To model the relationships between different features, we create conjunction features by taking the Cartesian product of the binary indicators for pairs of features. Some of the conjoined features are selected using domain knowledge. We use conjunctions between COECs and expected clicks, for instance, because we expect that the COECs will be more reliable when ECs are high. Additionally we use an automated method to select from the list of all possible cross products. This iterative method looks at the improvement in log likelihood of the model on a held out data set for each candidate cross product feature, selects those candidates that provide the biggest gains, and starts the process again with the new features included to the baseline model. We also use a frequency cut off to eliminate the rare features. The threshold value is tuned to keep the minimum number of features without any significant degradation in the offline model performance.

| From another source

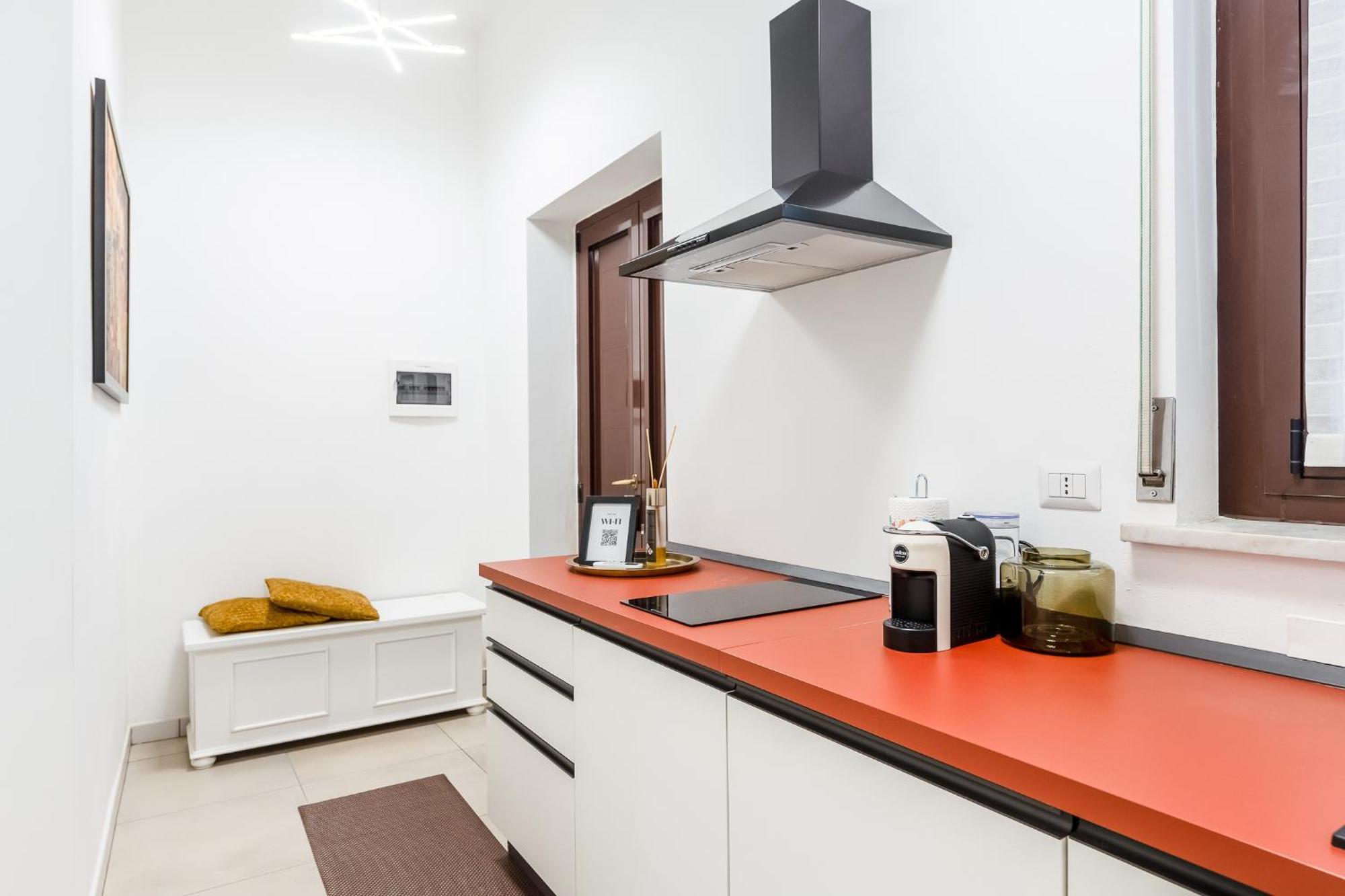 Gerardo Apartments مونزا المظهر الخارجي الصورة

Our baseline model contained approximately 20 K features after quantization, conjunctions and selection. The model was trained on approximately 900 M samples (sampled from 2 months of real traffic, which contains repeated query-ad pairs).

4 Sparsity in click logs

Our models for predicting relevance and clicks provide robust estimates when sufficient click history is available because most query-ad pairs do not change in relevance or click attractiveness very quickly. The challenging modeling task is to approximate these measures when we have not observed the event with sufficient frequency to make the simple prediction based on observed history. The frequency distribution for query-ad pairs has a long and heavy tail for low frequency occurrences, given the extremely large number of possible queries as compared to the number of queries that we actually observe in our click logs. In addition, we have a large number of potential advertisements (in the hundreds of millions) that can be paired with this large query space. The combination of these environments results in observed click logs that only contain few to no examples for most unique query-ad pairs.

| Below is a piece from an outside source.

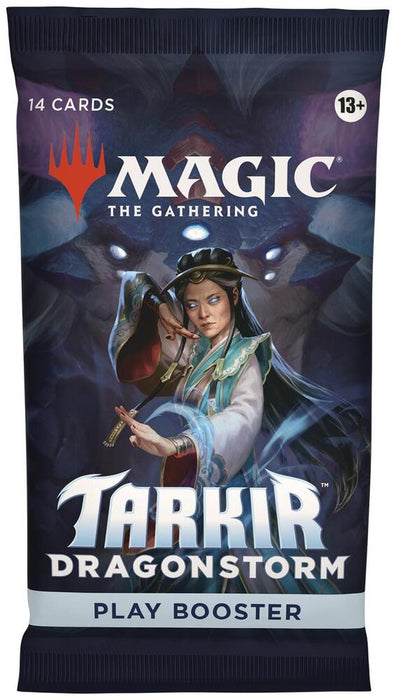 Magic the Gathering Tarkir Dragonstorm Play Booster Pack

This sparseness in observed events can be reduced by sharing information across entities to simplify the feature space. In the case of advertisers we can accomplish this by sharing click history for advertiser-created ad groups and campaigns, or for entire advertisers. In practice this provides some form of historical observation for most advertisements that we observe in our live system. We determine how often sufficient historical observations are available by analyzing a large sample of candidate ads for a query set that spans the range of query frequencies. For the purposes of this analysis, we use a threshold of three expected clicks to mean we have sufficient observations for a reliable estimate, although the trends are similar for any particular threshold. When we have seen three expected clicks in the logs we can assume some amount of useful information has been conveyed, and this also means we have typically observed 10s to 100s of impressions of an ad, depending on the rank it was displayed at. At the advertiser account level we observe 98% historical coverage, 97% at the display URL level, 69% at the ad group level, 63% at the creative level, and 29% at the individual bidterm-creative ad level. We do not directly address the issue of sparseness in the advertiser space for the remainder of this paper because we have reasonable coverage, although there is room for better approaches to sharing history across advertisements.

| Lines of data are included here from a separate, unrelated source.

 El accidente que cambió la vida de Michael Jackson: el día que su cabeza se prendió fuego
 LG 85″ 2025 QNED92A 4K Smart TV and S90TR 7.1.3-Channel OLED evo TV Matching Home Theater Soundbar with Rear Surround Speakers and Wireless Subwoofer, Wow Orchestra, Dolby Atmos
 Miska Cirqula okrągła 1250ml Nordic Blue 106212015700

The spareness of historical observations in the query space is a much larger issue, primarily due to the large set of possible queries. When history is aggregated across queries we find that 61% of our representative set has greater than three expected clicks, which is significantly less when compared to the broad advertiser history levels. Figure 2 illustrates the impact of query history on the performance of the baseline click model. We see that the accuracy of the model drops drastically when less historical query observations are available.

Fig. 2

Change in precision-recall for varying levels of query history

The most specific and accurate historical observations are for individual query-ad pairs, but coverage is minimal with sufficient observations for only 3%. As discussed in Sect. 3.1, we can aggregate the query with the various levels of the advertiser hierarchy to obtain additional coverage. We find 6% coverage at the query-ad group level, 8% at the query-display URL level, and 11% coverage at the query-bidterm level. This low coverage of historical observations for most query-ad level aggregates motivates approaches to better share observed history across queries. The next section proposes a new method for aggregating historical features based on partial queries, which can allow for much broader coverage of the user query space.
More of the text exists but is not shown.